#### PROBLEM:
Each line, starting at the one with "thumbnail image 3" and running to the end of the data below, is to be set down again exactly, both ends included; leave pictures out.

#### GIVEN RECORDS:

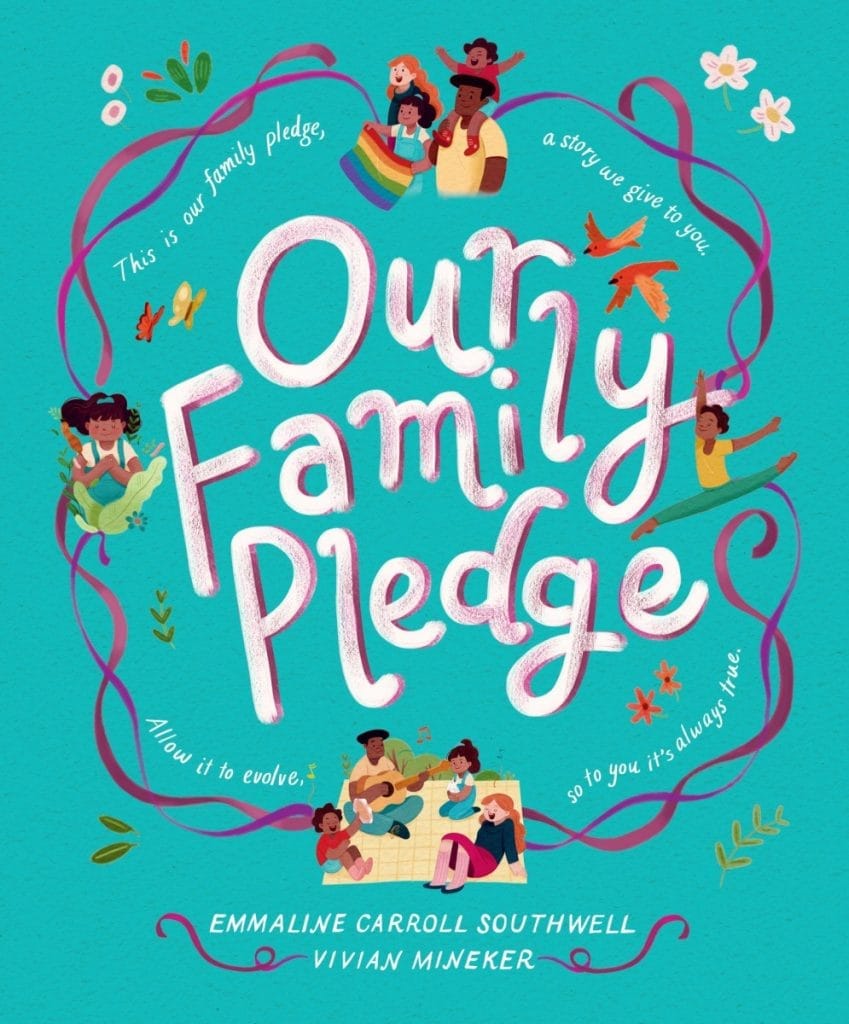 Our Family Pledge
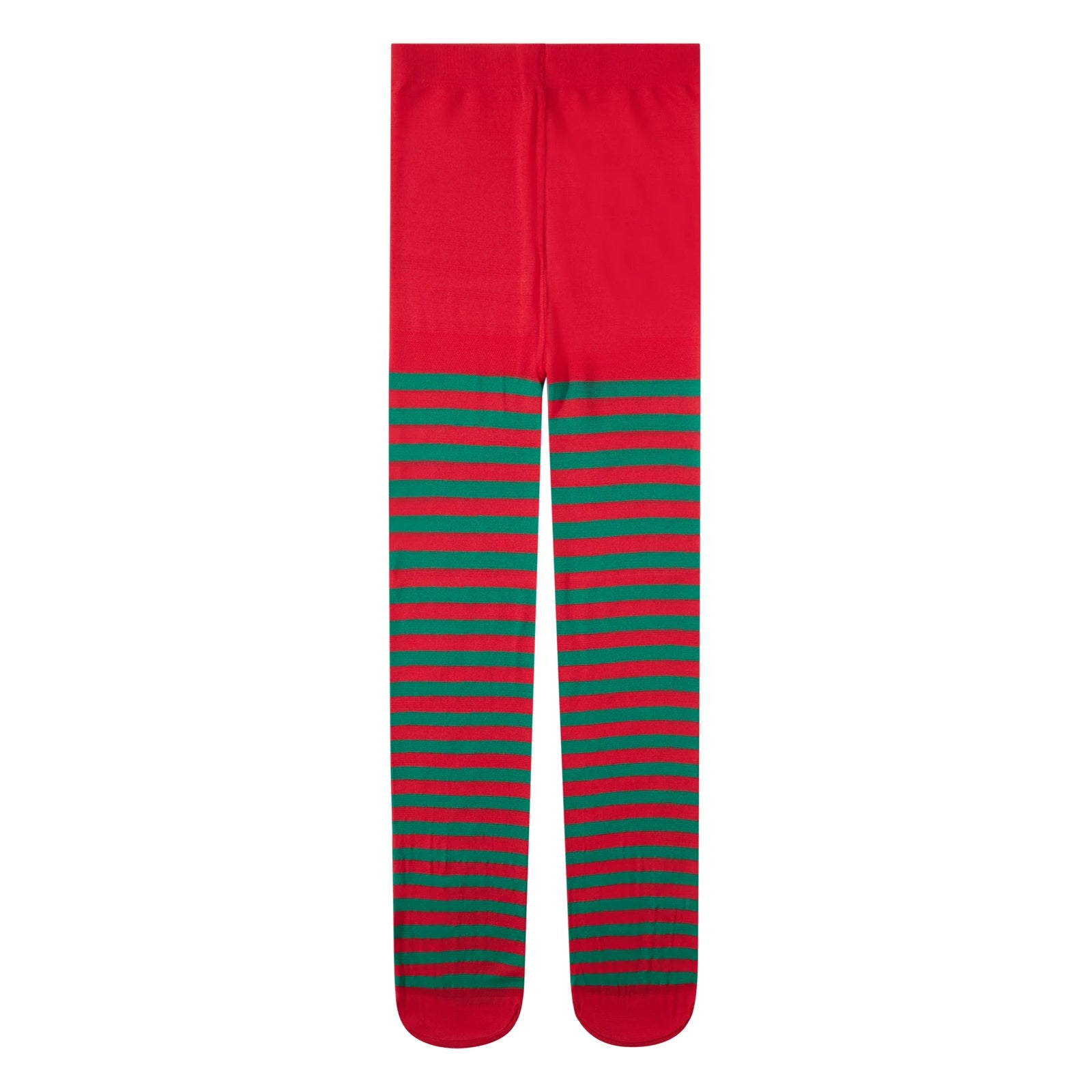 Children Girl Pantyhose Kids Striped Pattern High Waist Cosplay Leggings Pants Cosplay Halloween Christmas Stockings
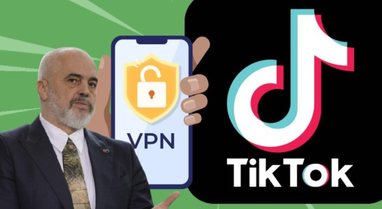 The VPN Era in Albania/ How the TikTok ban is "failing", video views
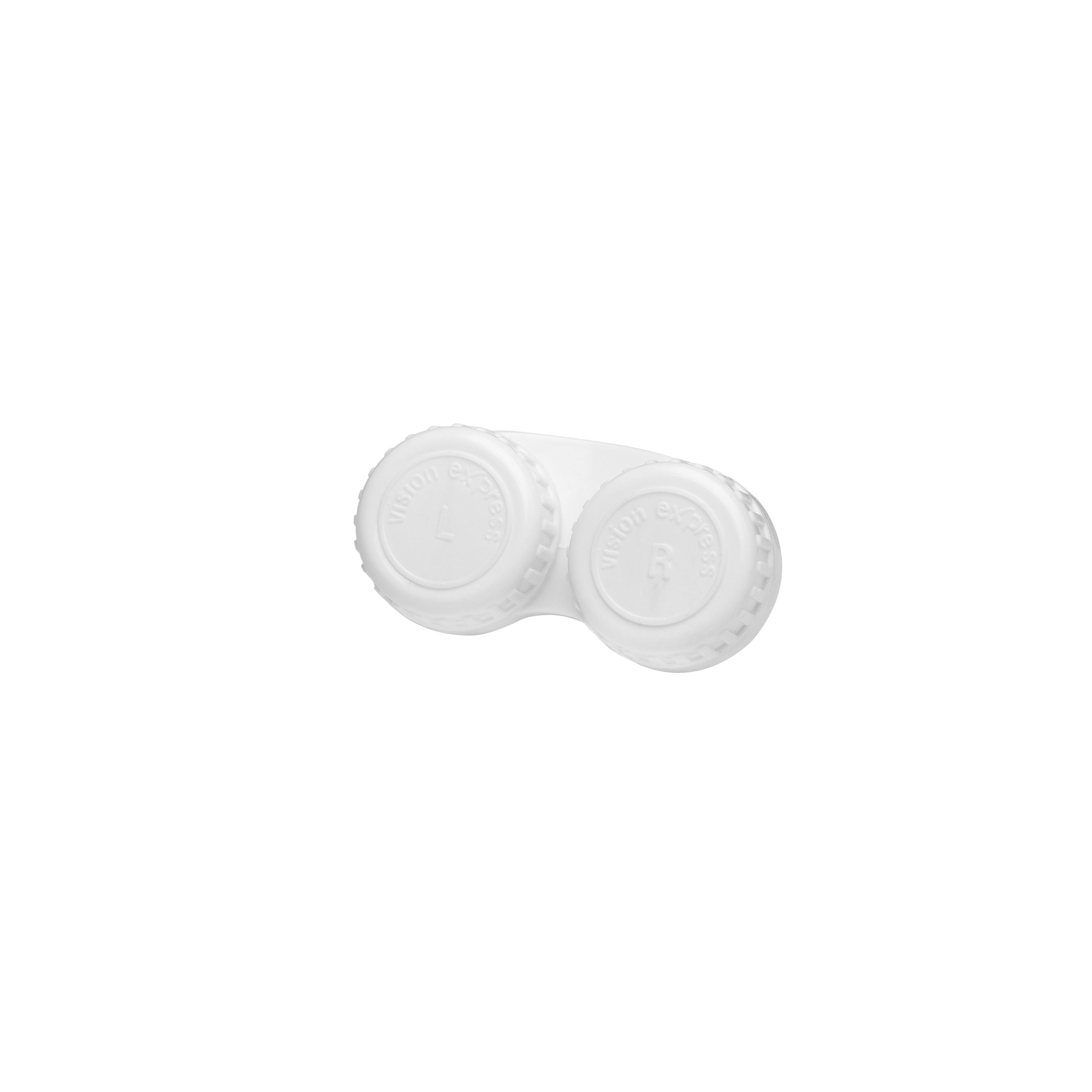 Contact lens case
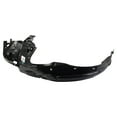 thumbnail image 3 of TRQ Inner Fender Liner Set Compatible with 2005-2007 Honda Odyssey BDA14460, 3 of 4
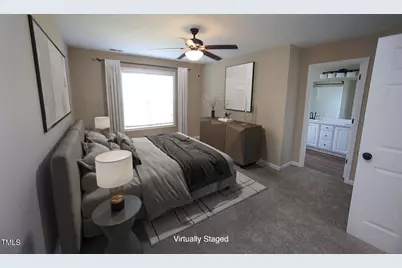 2742 Andover Glen Road, Raleigh, NC 27604 - Photo 5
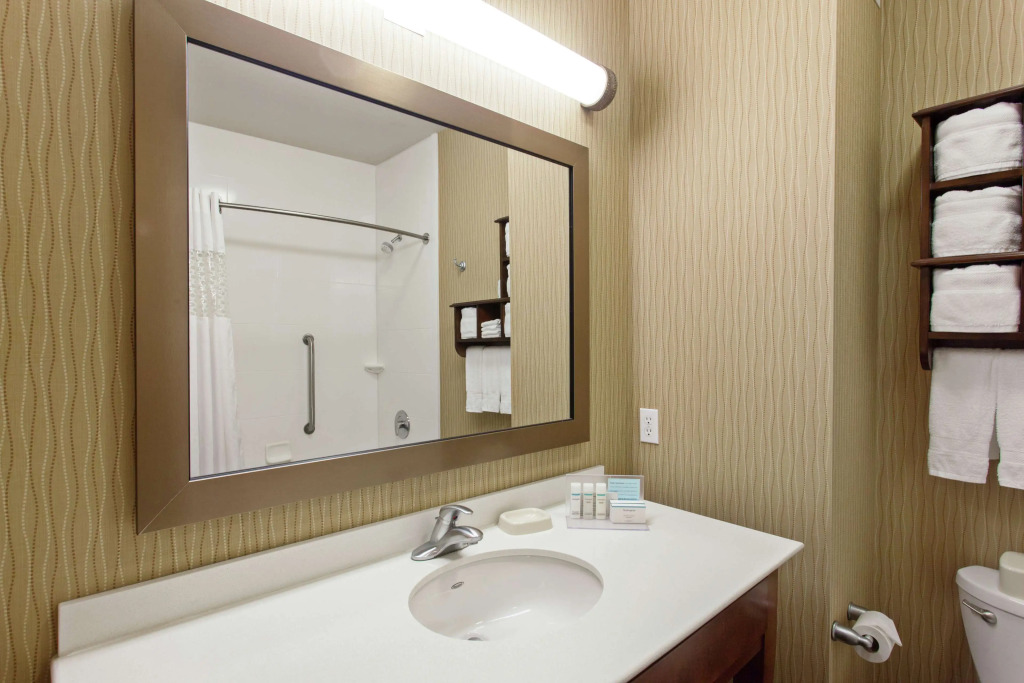 Hampton Inn Seattle/Everett Downtown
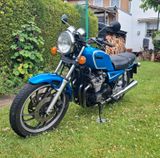 Yamaha Xj 650 4k0 - YAMAHA XJ650
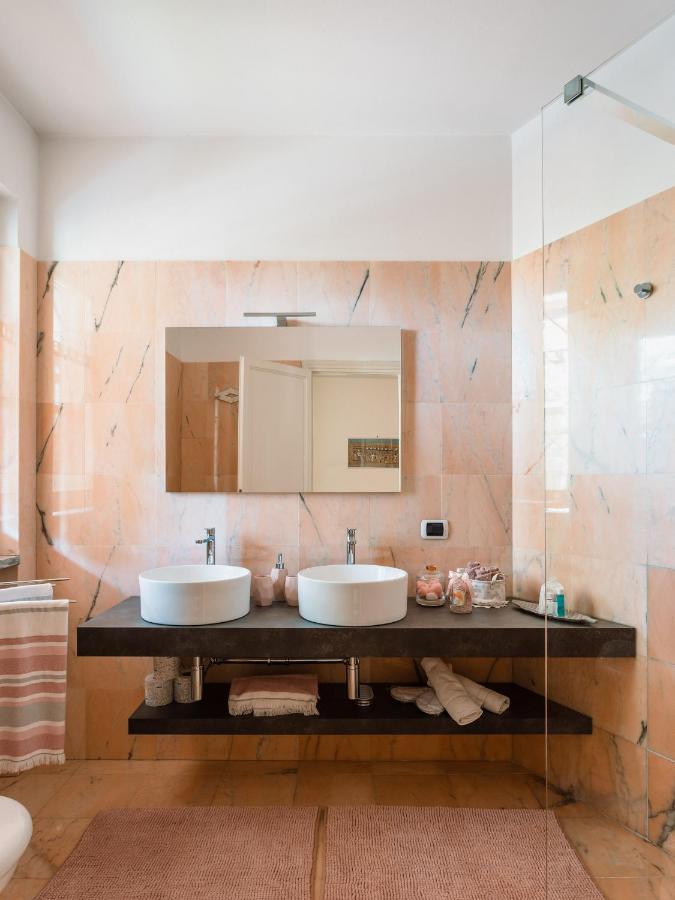 Villa Diletta B&B Форте дей Марми Екстериор снимка
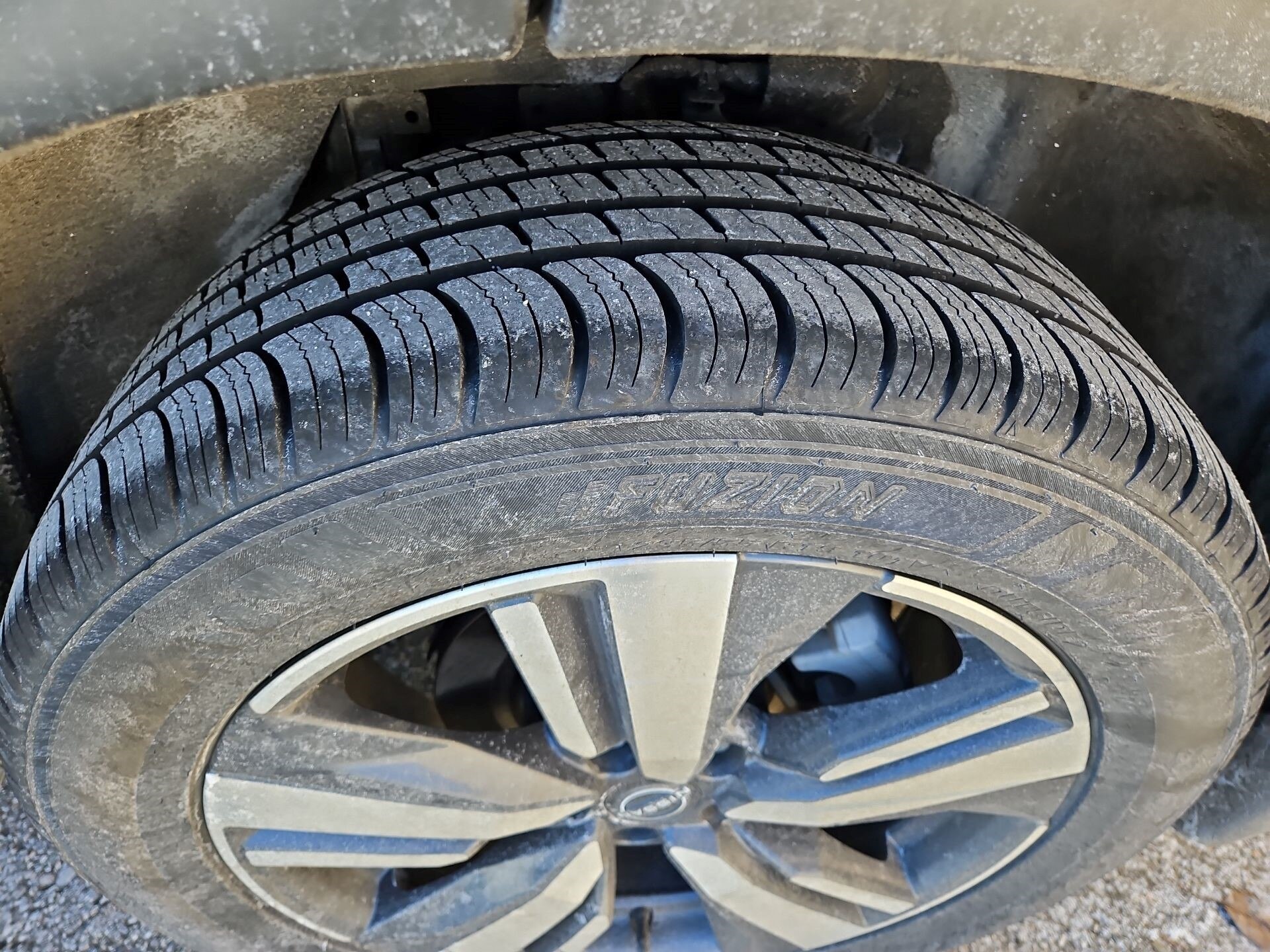 Thumbnail: 2023 Nissan Rogue - 9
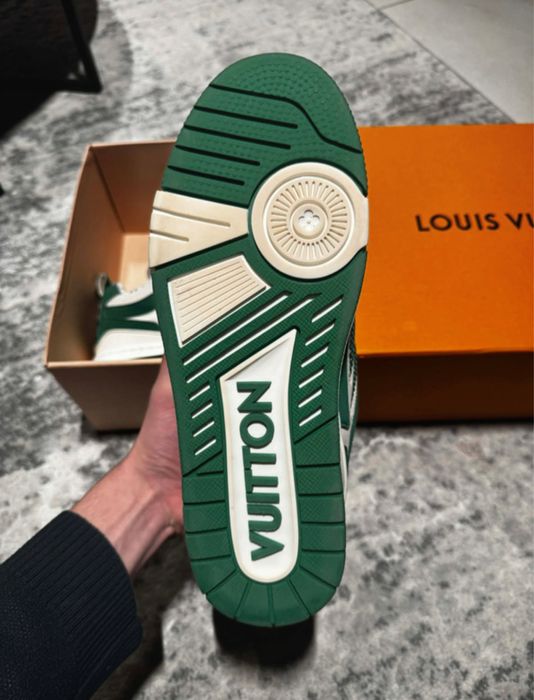 Louis Vuitton Skate
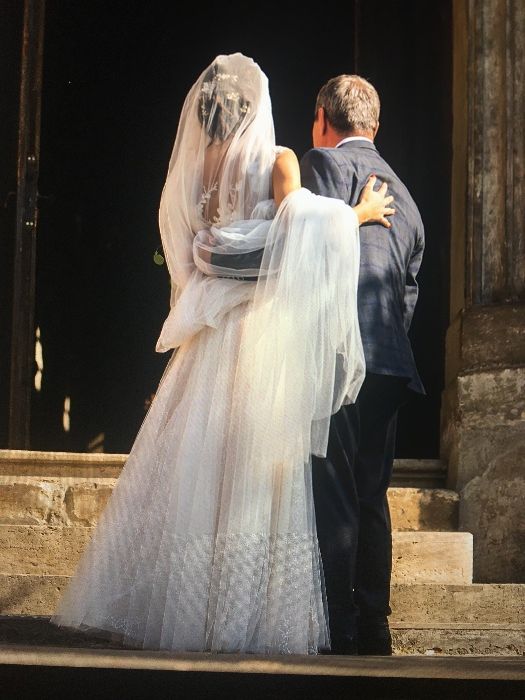 Rochie de mireasa de vanzare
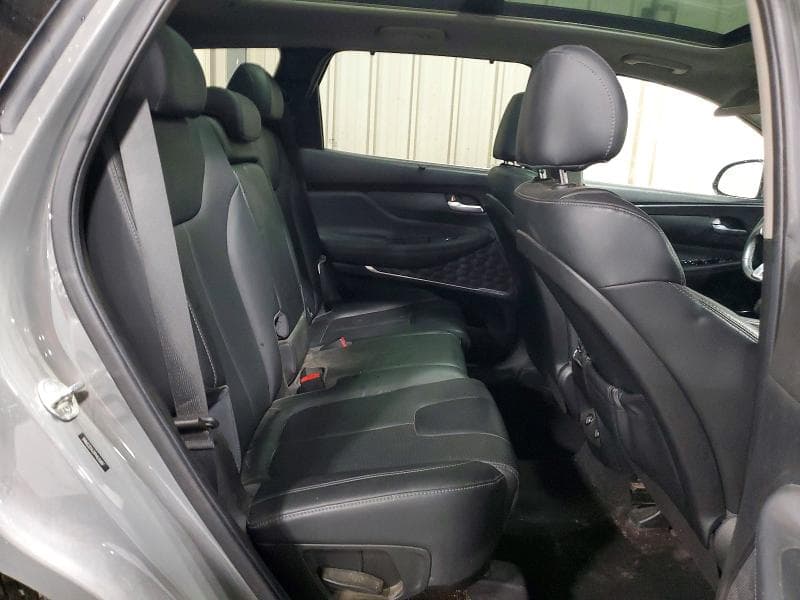 2023 HYUNDAI SANTA FE SEL PREMIUM SEL PREMIUM 10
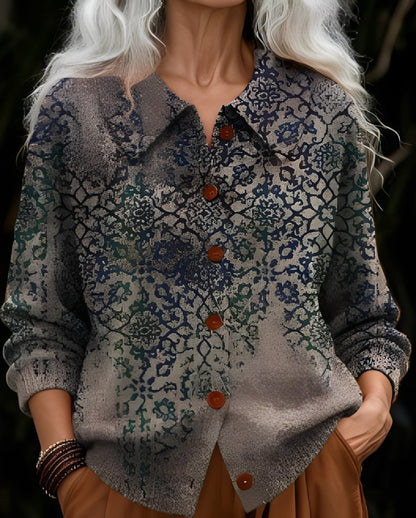 Yancy - Stylish, everyday women's sweater jacket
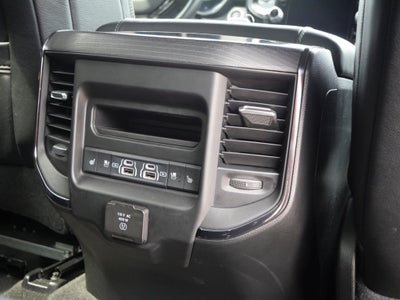 2024 RAM 1500 Limited 4WD | Night Edition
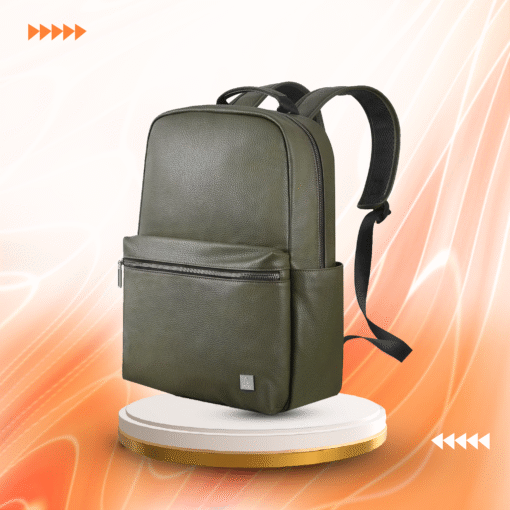 ⁦حقيبة لابتوب WIWU Notebook Backpack⁩ - الصورة ⁦4⁩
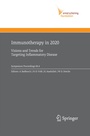 Cover: Immunotherapy in 2020 - Springer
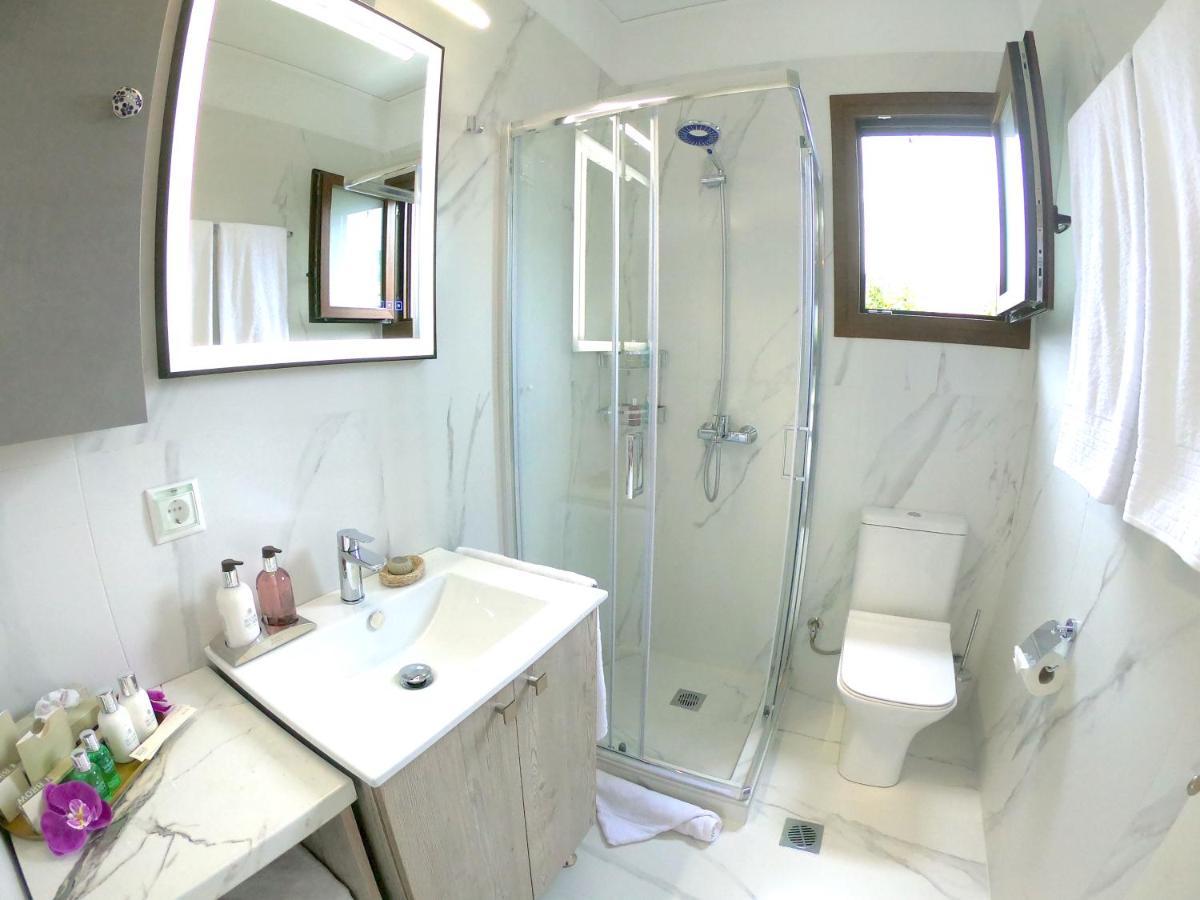 Desa Green Homes Epidaurus Ngoại thất bức ảnh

#### PROBLEM SOLUTION:
 thumbnail image 3 of TRQ Inner Fender Liner Set Compatible with 2005-2007 Honda Odyssey BDA14460, 3 of 4
 2742 Andover Glen Road, Raleigh, NC 27604 - Photo 5
 Hampton Inn Seattle/Everett Downtown
 Yamaha Xj 650 4k0 - YAMAHA XJ650
 Villa Diletta B&B Форте дей Марми Екстериор снимка
 Thumbnail: 2023 Nissan Rogue - 9
 Louis Vuitton Skate
 Rochie de mireasa de vanzare
 2023 HYUNDAI SANTA FE SEL PREMIUM SEL PREMIUM 10
 Yancy - Stylish, everyday women's sweater jacket
 2024 RAM 1500 Limited 4WD | Night Edition
 ⁦حقيبة لابتوب WIWU Notebook Backpack⁩ - الصورة ⁦4⁩
 Cover: Immunotherapy in 2020 - Springer
 Desa Green Homes Epidaurus Ngoại thất bức ảnh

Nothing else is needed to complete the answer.